Flying suits smelling (through very recent use) of JP-8 on the other hand, perhaps because you just parked your aircraft at Rockliffe and caught a cab for alast-minute meeting at NDHQ...now that is always an aviator's preferred mode of wearing the kit!  :nod:

Cheers
G2G


----------



## medic65726 (29 Aug 2010)

Eye In The Sky said:
			
		

> Really?  I find with the 1 piece I am always f**king with my gitch and t shirt.  I wear the 2 piece and only that.
> 
> Not sure where this thread started but...I did see the email about the 2 piece only concept but I thought that was kinda retarded...what about the ejection seat folks, they are restricted to 1 piece aren't they??

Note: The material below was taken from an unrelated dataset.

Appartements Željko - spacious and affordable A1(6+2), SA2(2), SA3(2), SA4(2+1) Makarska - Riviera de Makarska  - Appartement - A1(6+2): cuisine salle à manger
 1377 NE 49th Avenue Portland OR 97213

Tuck the t-shirt into the gitch. Problem solved. Although for proper flame retardant protection, should be wearing Nomex or natural fibre (cotton, wool or silk) long underwear (Not that I do during the summer, it is just too hot). Been wearing Civvie 1-piece Nomex flightsuits of similar cut to the CF ones for almost 10 years now and love them. Tried a shirt/pant option but the 1-peice is much more comfortable in hot weather as they are light and breathe. Two piece makes no sense to me as you get hot around the waist where the shirt/pants overlap and a belt, ughh. The 1-piece is much more comfortable for sitting in an aircraft all day in my opinion.
Agreed this is from a Civvie perspective, but I think it is just my 2-cents.


----------



## Good2Golf (29 Aug 2010)

If you're tac hel crew, in the field, having to dump...you appreciate the 2-piece.  You're hot anyway and drinking lots of water to stay hydrated, so you don't really notice the additional layer...and you're probably wearing a BV anyway where it's hot.  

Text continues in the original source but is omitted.